Born in England in 1952, Clare Bell moved to the US in 1957. She worked in oceanography, electrical engineering, test equipment design and mechanical engineering before she wrote her first book, Ratha's Creature (Atheneum-Argo Margaret K .McElderry 1983), the story of a prehistoric wildcat who learns to tame fire. Since then she has continued to write fantasy and science fiction for children and adults. She says, 'I am still fascinated by prehistoric animals and big cats, as showcased in the five Ratha series novels. I consider my two little cats, Danny and Athena, to be research assistants as well as companions and have learned a lot from them.' 'My stories show sociological themes as well, exploring the changes that are brought about in culture through technology, even one as crude as fire. I also enjoy creating plausible and workable prehistoric animal and alien characters. The central theme of my fiction is evolution, a result of my being influenced early by the works of C.S. Lewis, Olaf Stapledon , and Arthur C. Clarke. '
John Bellairs is beloved as a master of gothic young adult novels and fantasies. His series about the adventures of Lewis Barnavelt and his Uncle Jonathan, which includes THE HOUSE WITH A CLOCK IN ITS WALLS, is a classic. He also wrote a series of novels featuring the character Johnny Dixon. Among the titles in that series were THE CURSE OF THE BLUE FIGURINE; THE MUMMY, THE WILL, AND THE CRYPT; THE SPELL OF THE SORCERER'S SKULL and others. His solo novel THE FACE IN THE FROST is also regarded as a fantasy classic and among his earlier works are ST. FIDGETA AND OTHER PARODIES and THE PEDANT AND THE SHUFFLY. He was a prolific writer, publishing more than a dozen novels before his untimely death in 1991.

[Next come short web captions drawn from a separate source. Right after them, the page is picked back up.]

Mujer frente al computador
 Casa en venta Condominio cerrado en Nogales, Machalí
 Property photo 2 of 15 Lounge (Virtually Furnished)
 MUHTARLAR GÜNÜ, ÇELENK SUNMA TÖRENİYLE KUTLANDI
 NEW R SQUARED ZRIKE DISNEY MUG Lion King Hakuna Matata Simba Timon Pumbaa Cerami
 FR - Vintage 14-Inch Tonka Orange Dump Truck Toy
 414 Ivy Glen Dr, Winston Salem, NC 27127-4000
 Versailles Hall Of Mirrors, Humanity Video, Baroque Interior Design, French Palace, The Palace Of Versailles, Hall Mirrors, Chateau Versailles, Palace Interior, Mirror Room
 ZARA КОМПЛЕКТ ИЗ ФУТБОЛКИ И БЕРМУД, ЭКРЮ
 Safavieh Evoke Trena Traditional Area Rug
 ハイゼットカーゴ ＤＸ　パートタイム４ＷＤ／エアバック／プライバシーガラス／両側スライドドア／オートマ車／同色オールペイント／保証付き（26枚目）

Mitch Benn found fame as the singer of spectacularly angry, clever and funny songs on the Now Show. He tours regularly both on his own and his band. His song 'I'm proud of the BBC was hugely popular and won him the Media Blog Hero of the Year Award. He is also a regular on the Now Show. He is married and has two daughters. He has over 40,000 followers on twitter.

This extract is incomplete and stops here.